BEGIN MATERIAL SUPPLIED

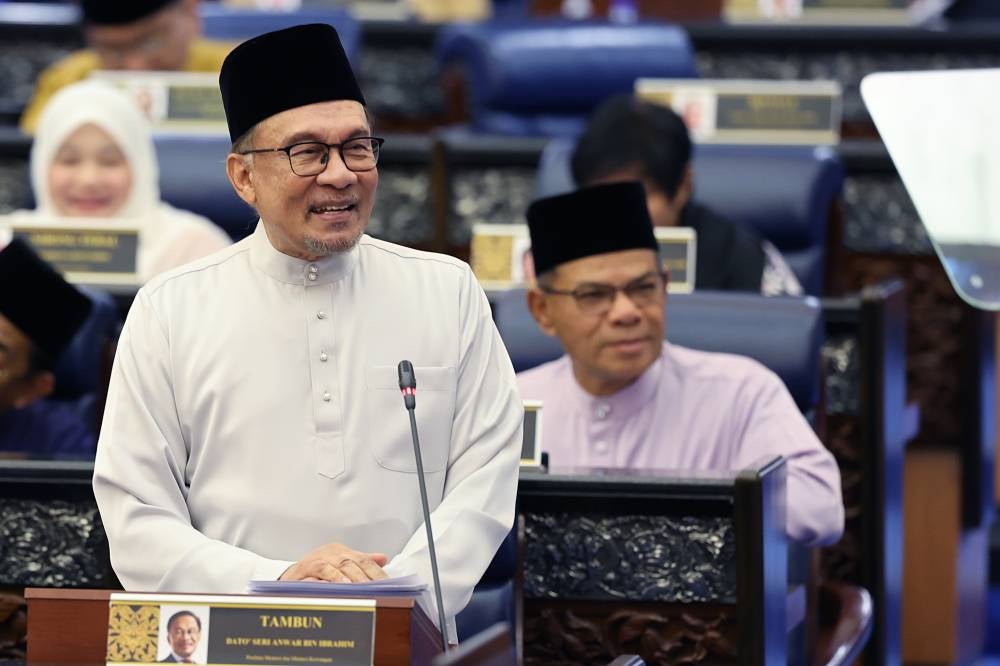 KUALA LUMPUR, 18 Okt -- Perdana Menteri Datuk Seri Anwar Ibrahim ketika membentangkan Belanjawan 2025 di Dewan Rakyat hari ini.
--fotoBERNAMA (2024) HAK CIPTA TERPELIHARA
KUALA LUMPUR, Oct 18 -- Prime Minister Datuk Seri Anwar Ibrahim tabling Budget 2025 at the Dewan Rakyat today.
--fotoBERNAMA (2024) COPYRIGHT RESERVED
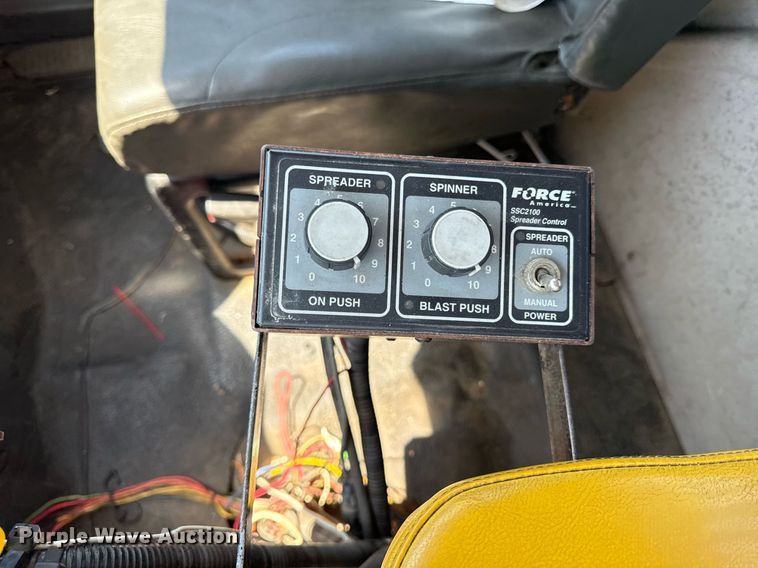 image for item DZ4021 2008 International SA515 truck cab and chassis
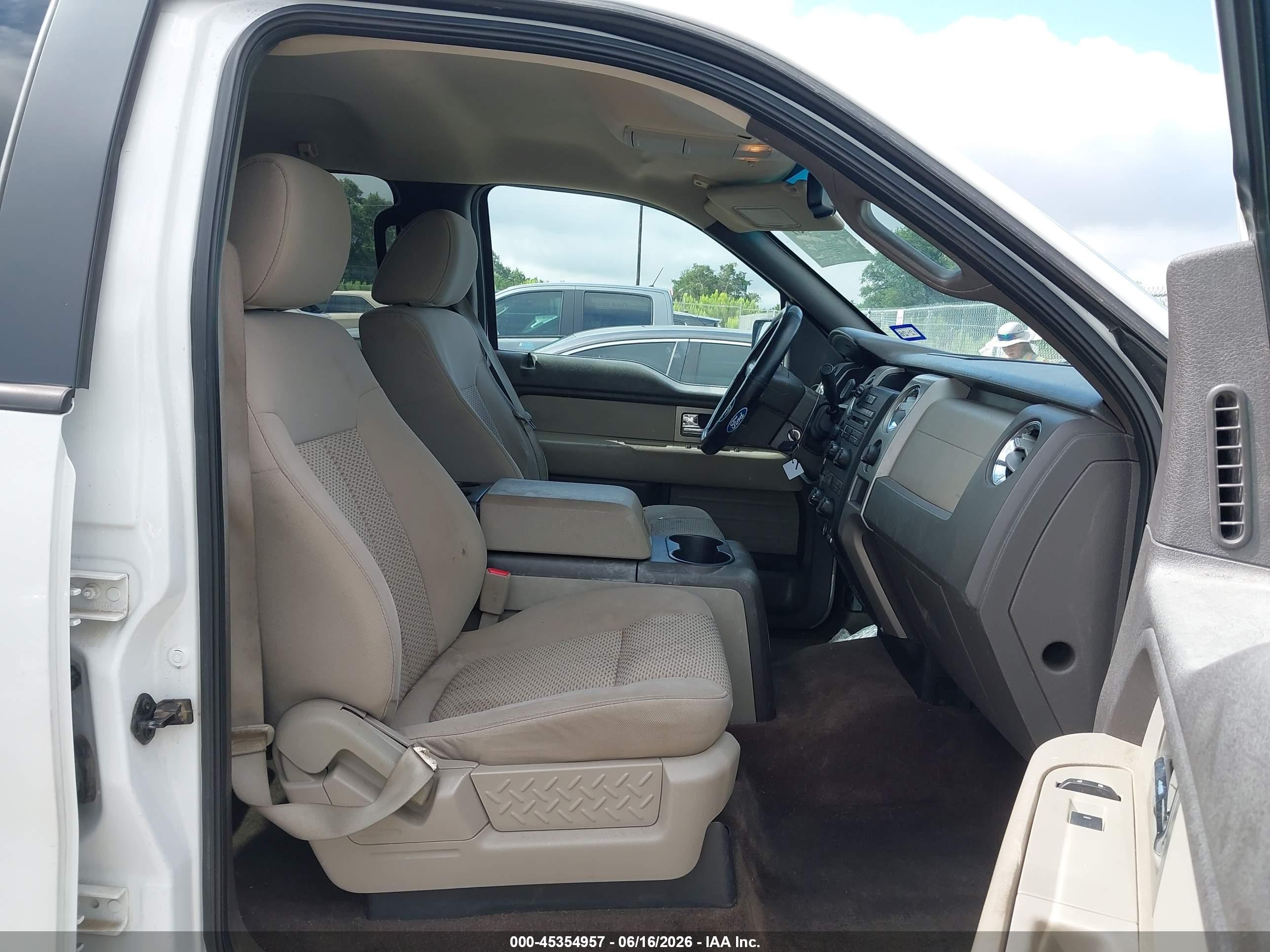 2010 Ford F-150 Fx4/harley-davidson/king Ranch/lariat/platinum/xl/xlt White vin: 1FTFW1EV3AFB69429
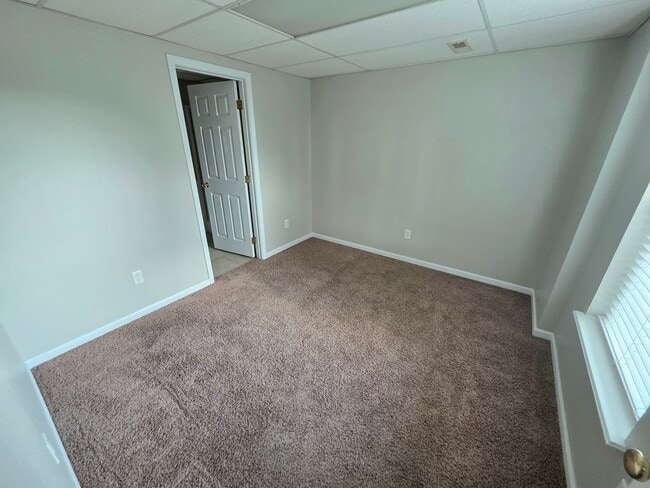 Building Photo - Large 4 Bed / 3 Bath House in Residential ...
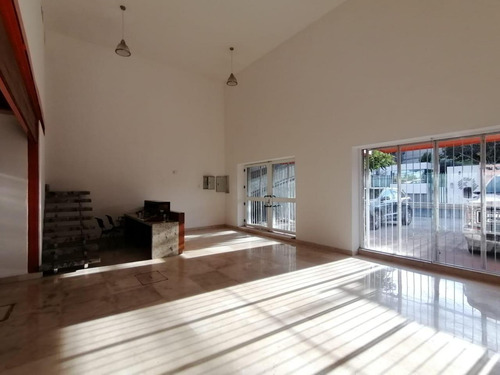 Bodega En Renta En Querétaro Avenida Principal Por Boulevard Bernardo Quintana Con Transformador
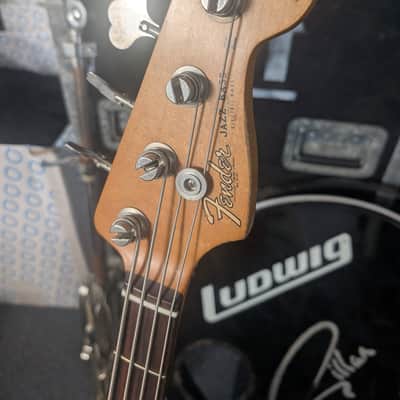 Fender Flea Artist Series Road Worn Signature Jazz Bass 2016 - Present - Shell Pink image 2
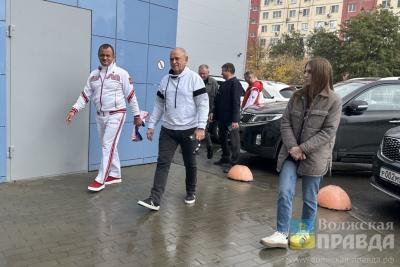 Глава Волжского дал старт чемпионату по хоккею, символически введя шайбу в игру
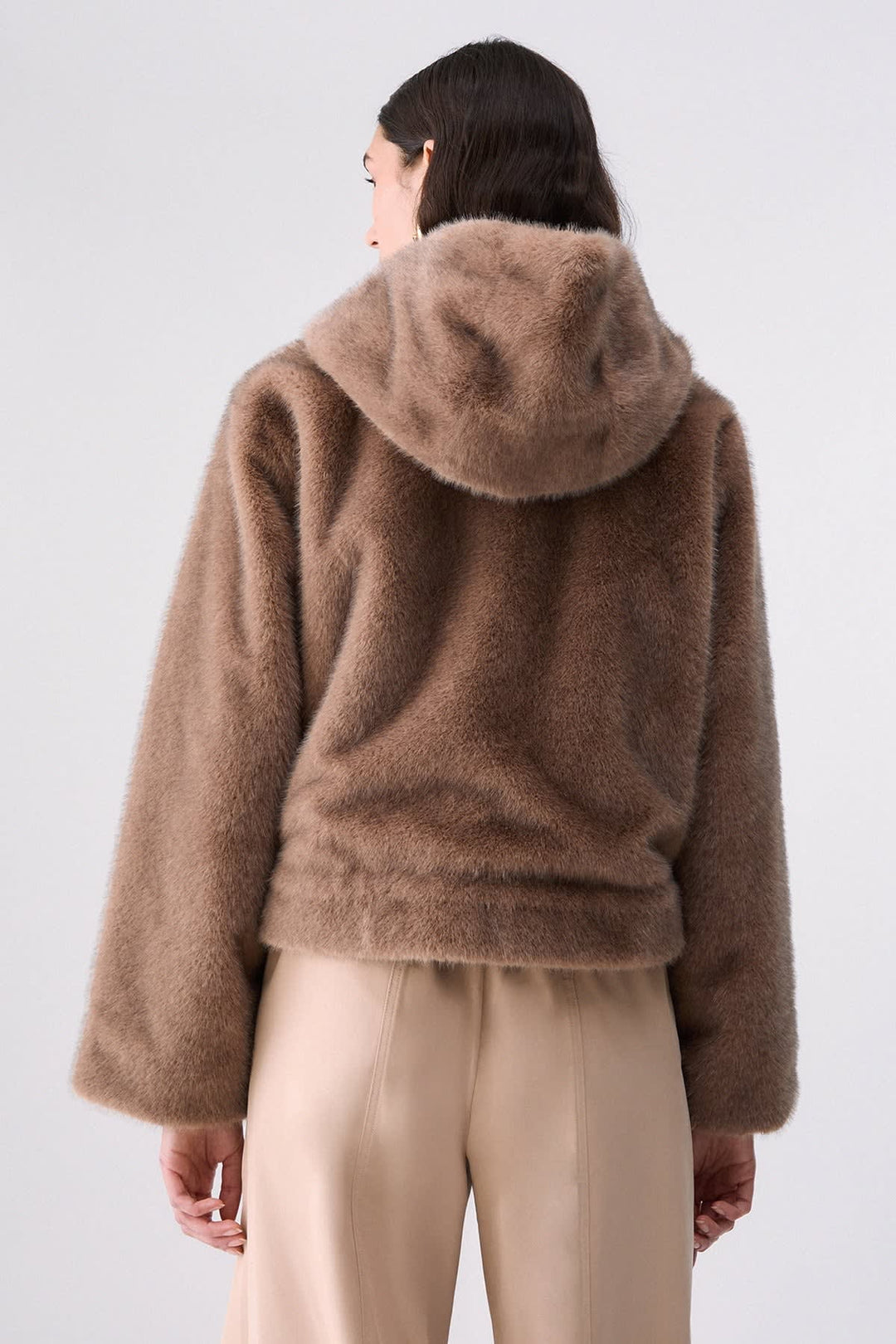 Manteau court effet fourrure à capuchon pour femme liujo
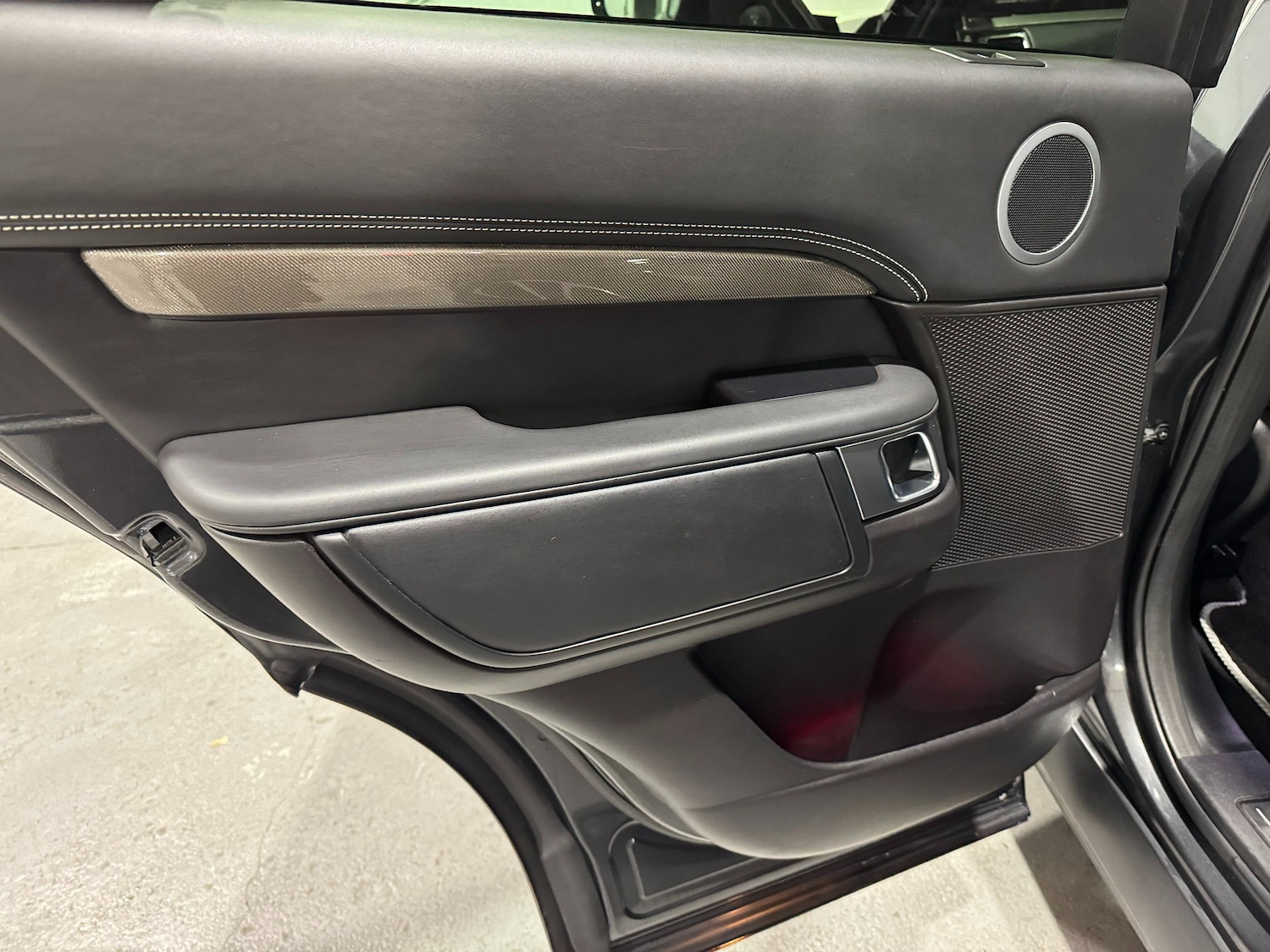 Used Land Rover Discovery 2017 for sale - 76911404: Photo 67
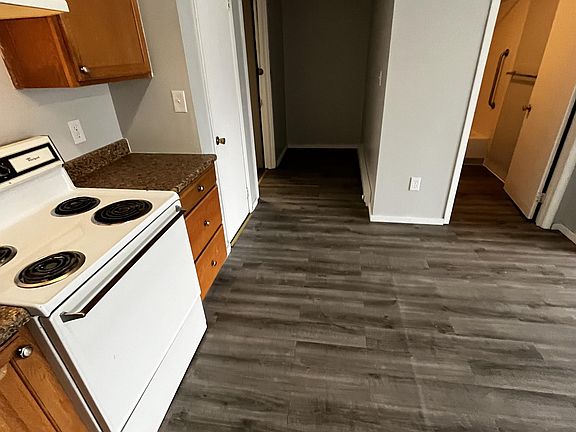 4th image of 179 Grand St #16
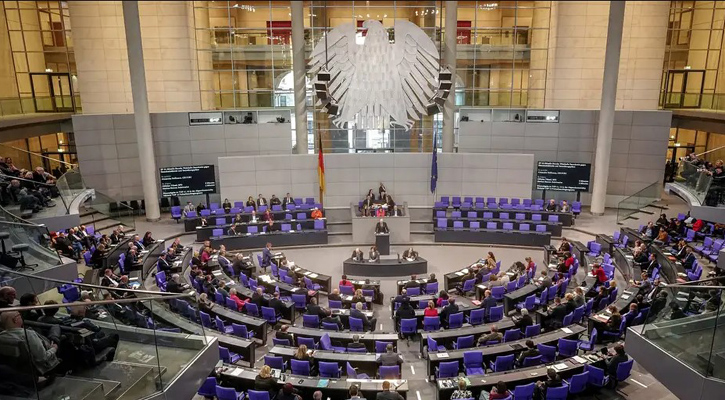 Germany's parliament approves easing dual citizenship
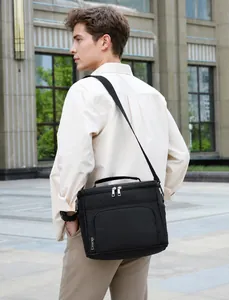 Sac isotherme noir avec bandoulière réglable et grande poche frontale zippée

END MATERIAL SUPPLIED

■ TASK GOAL
Could you write out again, exactly, the lines from the line containing "Bodega En Renta" through the last line of the records above? Leave out the pictures.

■ WRITTEN RESPONSE
 Bodega En Renta En Querétaro Avenida Principal Por Boulevard Bernardo Quintana Con Transformador
 Fender Flea Artist Series Road Worn Signature Jazz Bass 2016 - Present - Shell Pink image 2
 Глава Волжского дал старт чемпионату по хоккею, символически введя шайбу в игру
 Manteau court effet fourrure à capuchon pour femme liujo
 Used Land Rover Discovery 2017 for sale - 76911404: Photo 67
 4th image of 179 Grand St #16
 Germany's parliament approves easing dual citizenship
 Sac isotherme noir avec bandoulière réglable et grande poche frontale zippée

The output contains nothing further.